_MATERIALS PROVIDED_.
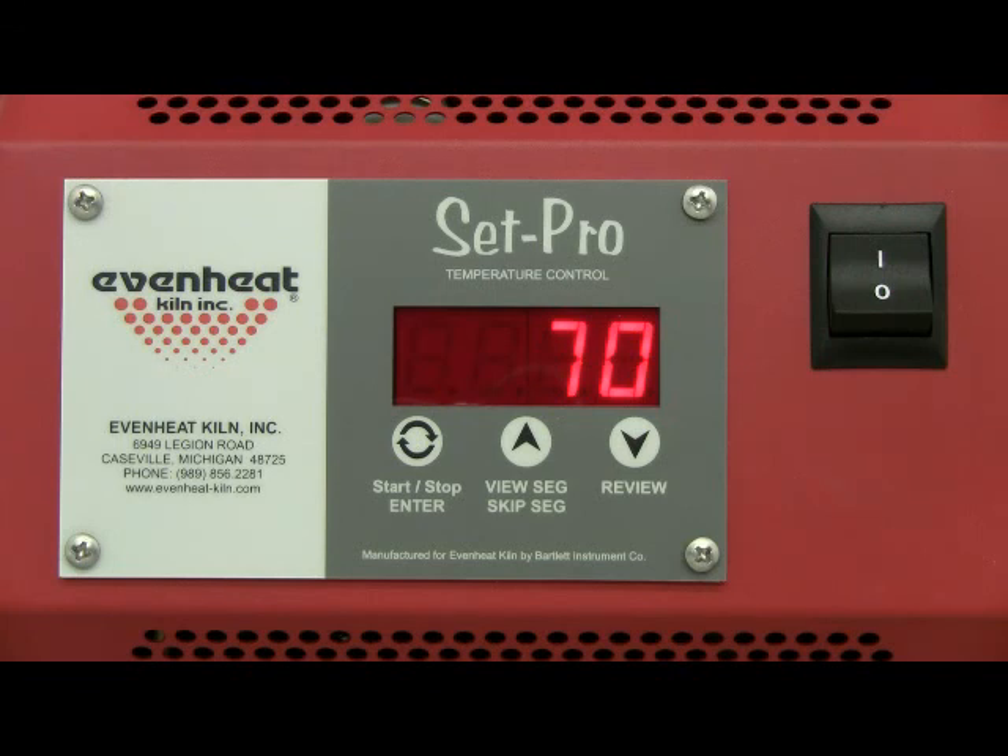Evenheat provides a number of video presentations for our products. We invite you to visit evenheat-kiln.com for a complete listing. Thank you.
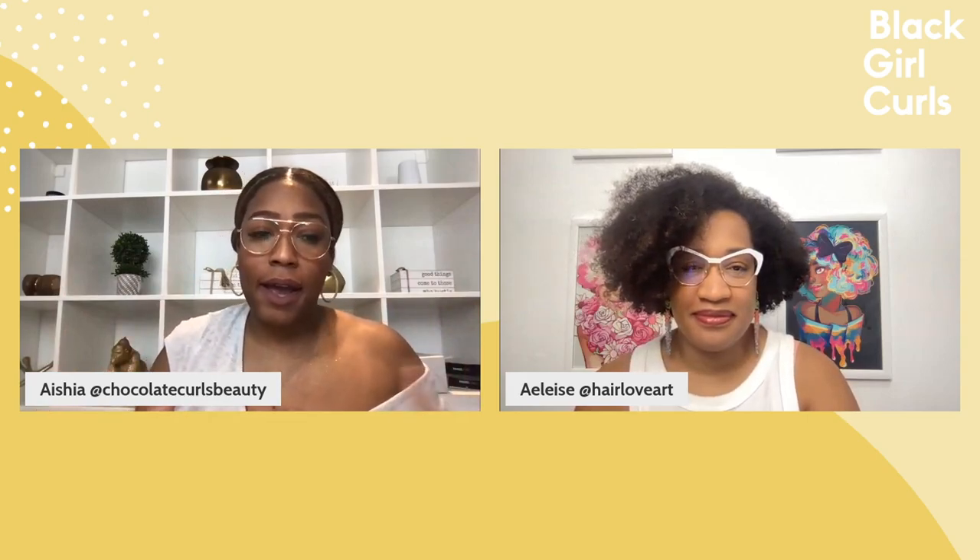Hello, everybody. Welcome to — I don't know what we're calling this, but whatever it is, it's 10 questions. One more time: swimming hair. So we're finally covering swim hair and vacation hair. These are questions that were asked by those of you inside of the resource center. So we're going to start — we're not going to waste any time.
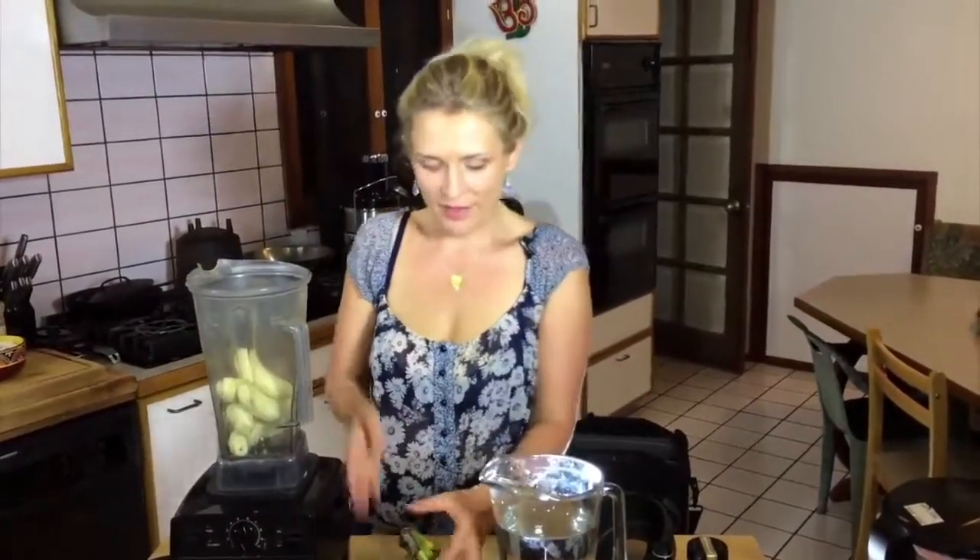So you throw the bananas inside, then you add some water.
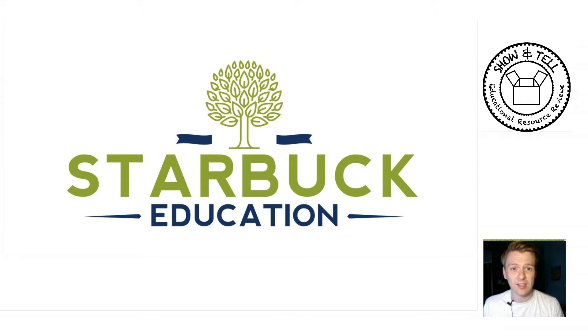Today I've got exclusive access to a new 2Simple program as an extension to PurpleMash that no one outside of their company has seen. This is called MiniMash and it's made exclusively for early years.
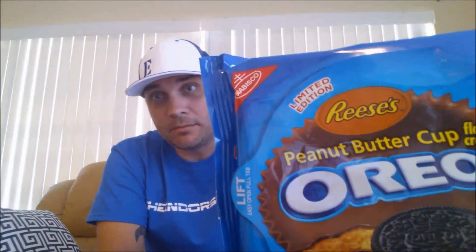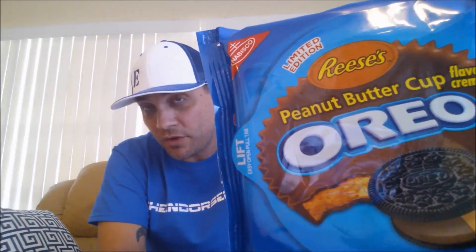So that's me today. I'm late to the party with this product. Reese's Peanut Butter Cup Oreos. That's right — Reese's Peanut Butter Cup Oreos. They've been out for a hot minute but they're new to me.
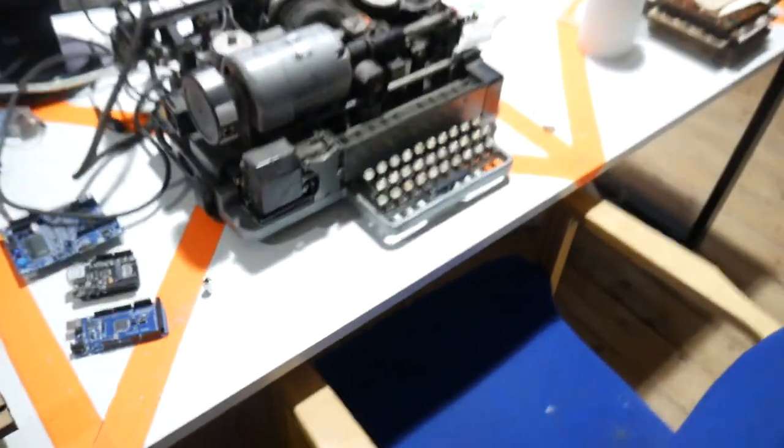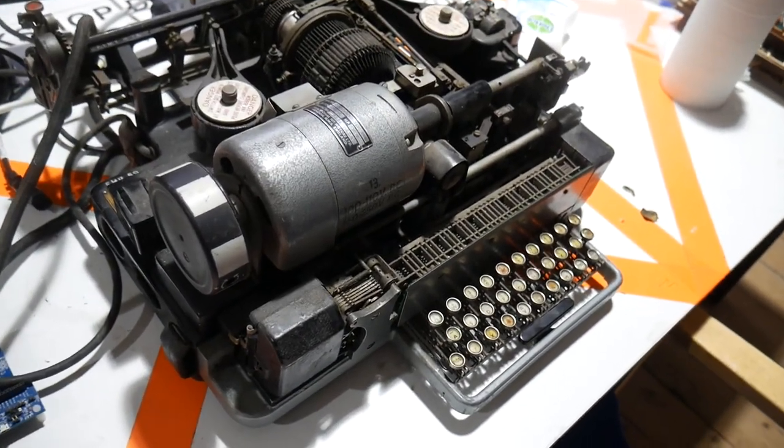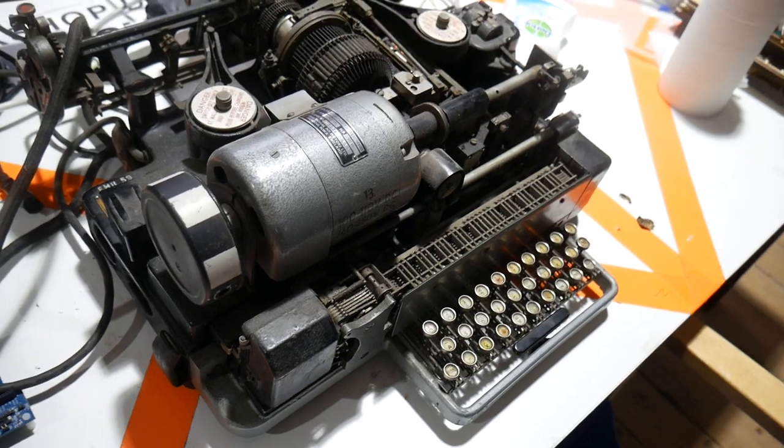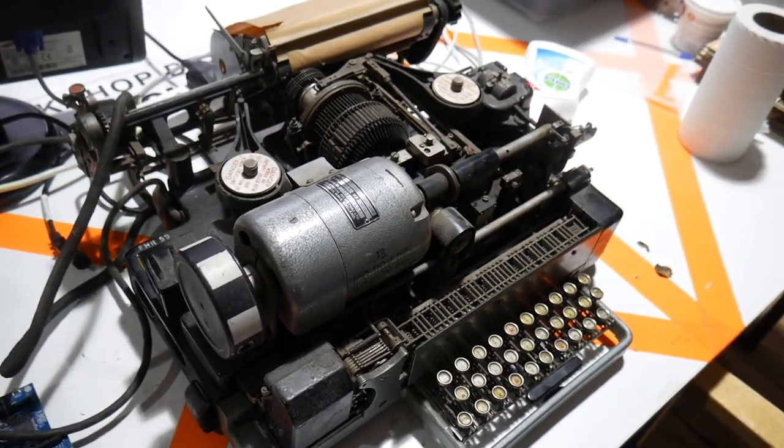And all sorts of exciting things, like a teletype machine from many moons ago — we think the 40s, 50s. Second World War, so 1939 to 1945, some point during that period.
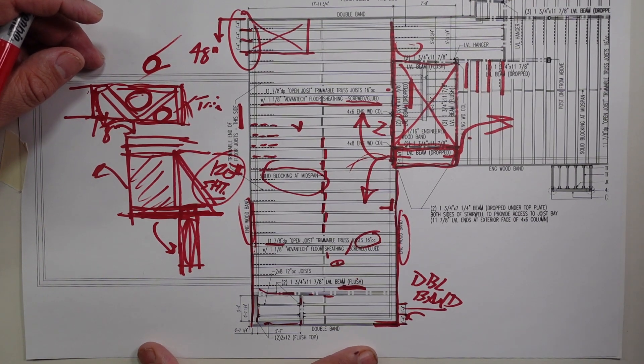Trimmable floor joists out at the Riverside project. Hopefully you liked that. Go check out the Build Show Network — I have many videos covering floor framing, wall framing, insulation, concrete footings, calculations, structure, shear walls — you name it. You can find something you love. That's a wrap on today.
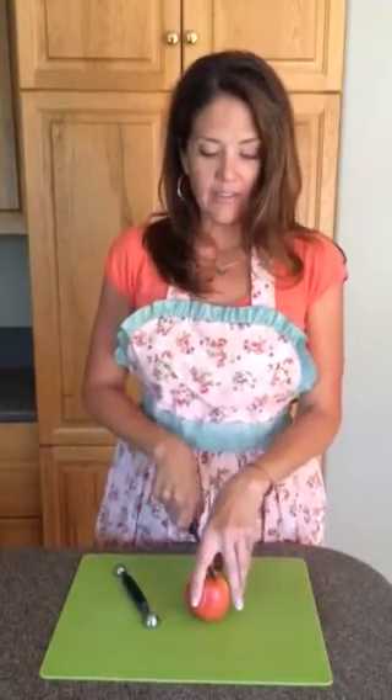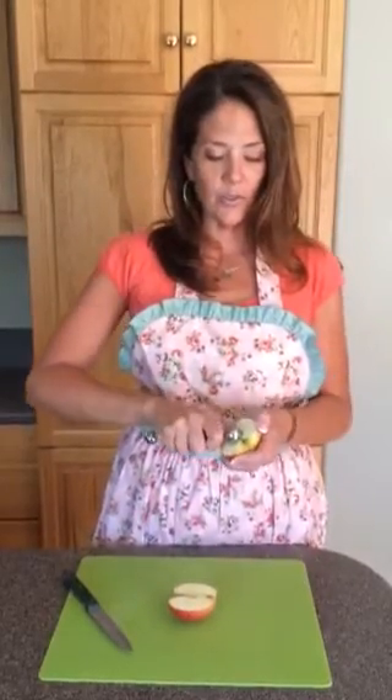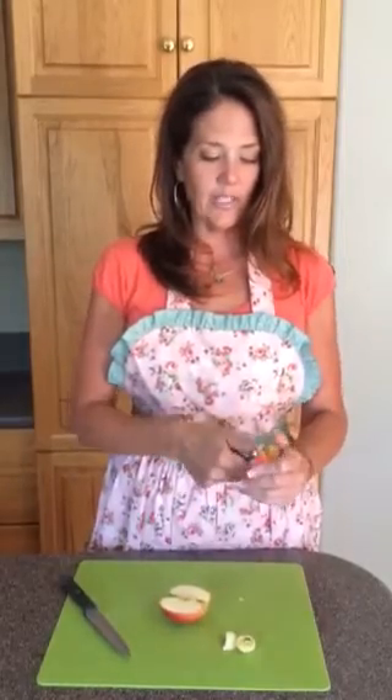I'm going to take my knife and cut this apple in half. From here I'm going to use a melon baller, which is an awesome little circular tool that will easily scoop out the center. You can also use it to remove any of the additional little ends of the apple that you don't want to have.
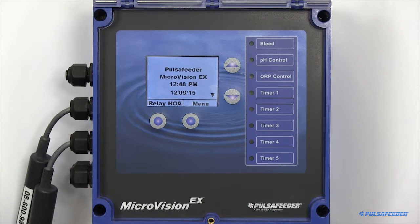Thank you for selecting a Pulsive Heater cooling tower controller for your application. This video is intended to familiarize you with the Microvision EX controller. Please refer to the detailed information in the installation manual that was provided with your controller, and as always, adhere to all local, state, and national codes.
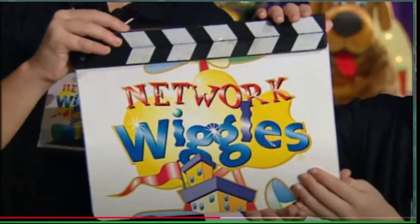Hi everyone, welcome to Anthony's Workshop. Make yourself at home and don't forget, you might need an apron.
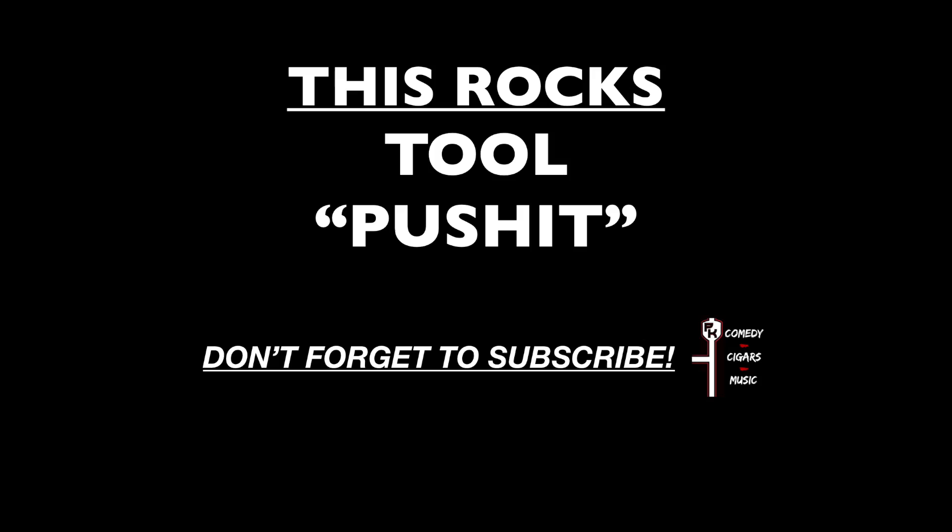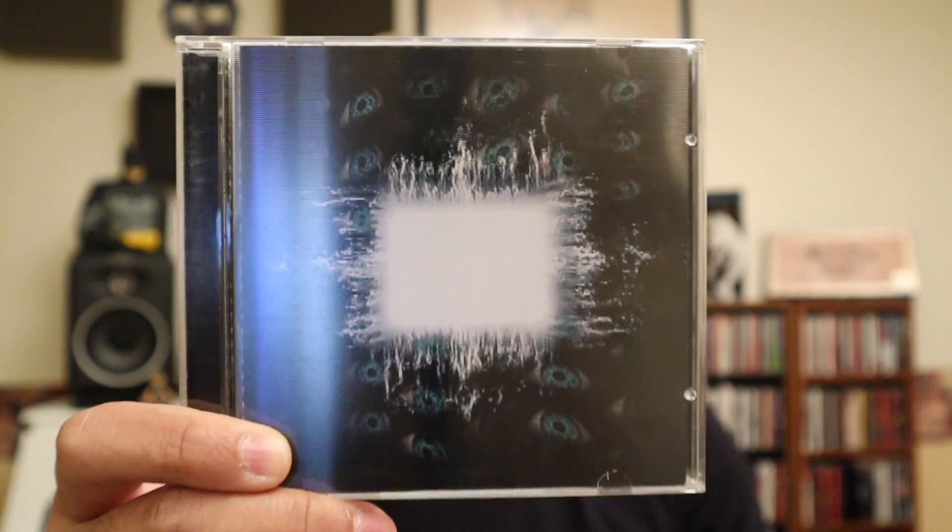Hey, I'm Phil Caroon and today I'm going to be talking about the song Push It by the one and only Tool. Push It is on Tool's second album, Aenima, which came out in 1996.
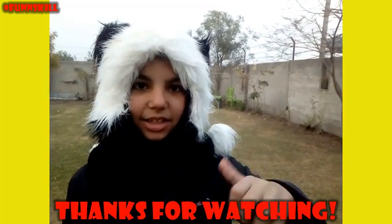She laid an egg. For more videos, stay tuned to Fun and Skill. Bye.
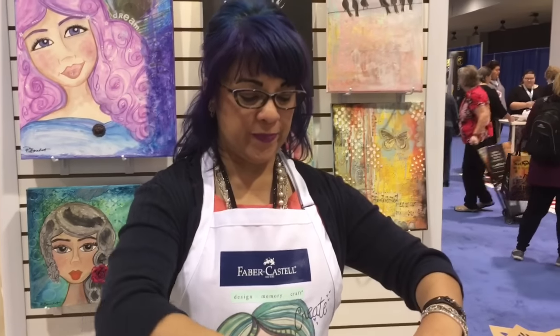Hey guys, it's me Sarah with Craft Test Dummies and we are here at Faber-Castell where we are going to look at some new texture paste and texture luxe paste.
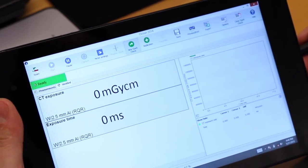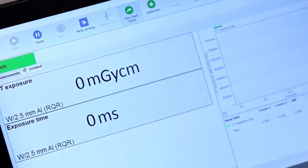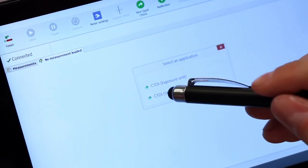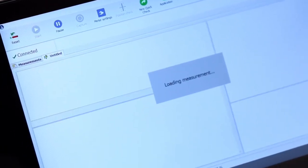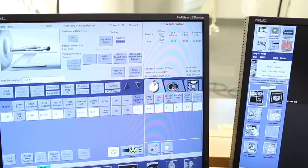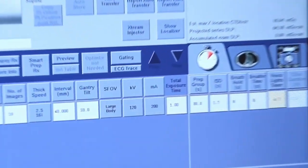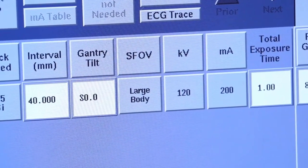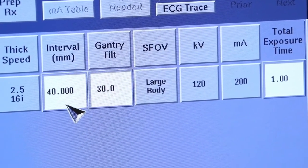To prepare Ocean for CT-DI measurements, tap application and choose CT-DI standard. Make sure that the set values — kV, mAs, slice thickness and number of slices in Ocean — match the values you have set on your CT machine.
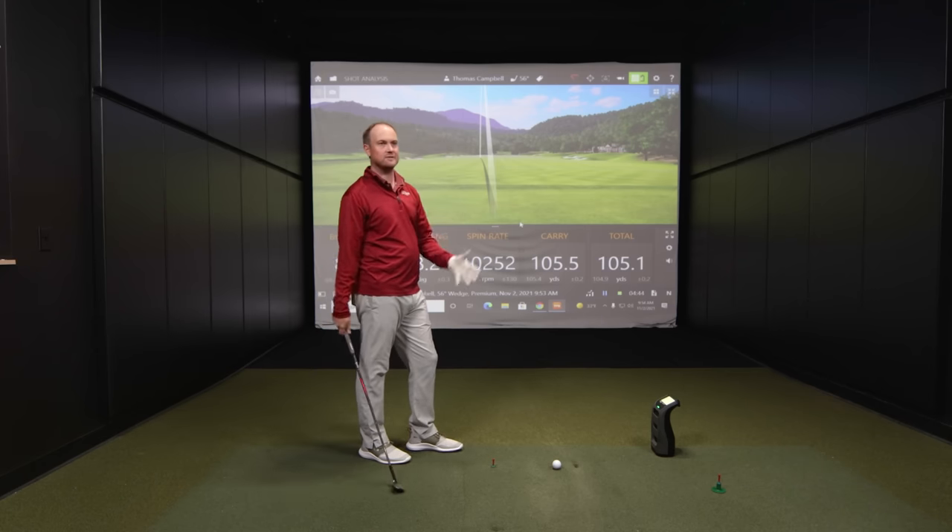Now seven iron — let's see if the accuracy continues. First shot: TrackMan ball speed 124.2, launch angle 19, spin rate 6,008. Bushnell Launch Pro: 124, launch angle 19.4, spin 6,080. We're within 72 RPMs — that's impressive. Carry was 174 versus 175. Second shot: TrackMan 124.9, launch angle 18.8, spin 6,012. Bushnell: 124 ball speed, launch angle 19.1, spin 6,063, carry 175. Very accurate on both ends with very little difference.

_EXERCISE GOAL_. Line by line, print the records above exactly, skipping each picture.

_THE ANSWER_.
Evenheat provides a number of video presentations for our products. We invite you to visit evenheat-kiln.com for a complete listing. Thank you.
Hello, everybody. Welcome to — I don't know what we're calling this, but whatever it is, it's 10 questions. One more time: swimming hair. So we're finally covering swim hair and vacation hair. These are questions that were asked by those of you inside of the resource center. So we're going to start — we're not going to waste any time.
So you throw the bananas inside, then you add some water.
Today I've got exclusive access to a new 2Simple program as an extension to PurpleMash that no one outside of their company has seen. This is called MiniMash and it's made exclusively for early years.
So that's me today. I'm late to the party with this product. Reese's Peanut Butter Cup Oreos. That's right — Reese's Peanut Butter Cup Oreos. They've been out for a hot minute but they're new to me.
And all sorts of exciting things, like a teletype machine from many moons ago — we think the 40s, 50s. Second World War, so 1939 to 1945, some point during that period.
Trimmable floor joists out at the Riverside project. Hopefully you liked that. Go check out the Build Show Network — I have many videos covering floor framing, wall framing, insulation, concrete footings, calculations, structure, shear walls — you name it. You can find something you love. That's a wrap on today.
I'm going to take my knife and cut this apple in half. From here I'm going to use a melon baller, which is an awesome little circular tool that will easily scoop out the center. You can also use it to remove any of the additional little ends of the apple that you don't want to have.
Thank you for selecting a Pulsive Heater cooling tower controller for your application. This video is intended to familiarize you with the Microvision EX controller. Please refer to the detailed information in the installation manual that was provided with your controller, and as always, adhere to all local, state, and national codes.
Hi everyone, welcome to Anthony's Workshop. Make yourself at home and don't forget, you might need an apron.
Hey, I'm Phil Caroon and today I'm going to be talking about the song Push It by the one and only Tool. Push It is on Tool's second album, Aenima, which came out in 1996.
She laid an egg. For more videos, stay tuned to Fun and Skill. Bye.
Hey guys, it's me Sarah with Craft Test Dummies and we are here at Faber-Castell where we are going to look at some new texture paste and texture luxe paste.
To prepare Ocean for CT-DI measurements, tap application and choose CT-DI standard. Make sure that the set values — kV, mAs, slice thickness and number of slices in Ocean — match the values you have set on your CT machine.
Now seven iron — let's see if the accuracy continues. First shot: TrackMan ball speed 124.2, launch angle 19, spin rate 6,008. Bushnell Launch Pro: 124, launch angle 19.4, spin 6,080. We're within 72 RPMs — that's impressive. Carry was 174 versus 175. Second shot: TrackMan 124.9, launch angle 18.8, spin 6,012. Bushnell: 124 ball speed, launch angle 19.1, spin 6,063, carry 175. Very accurate on both ends with very little difference.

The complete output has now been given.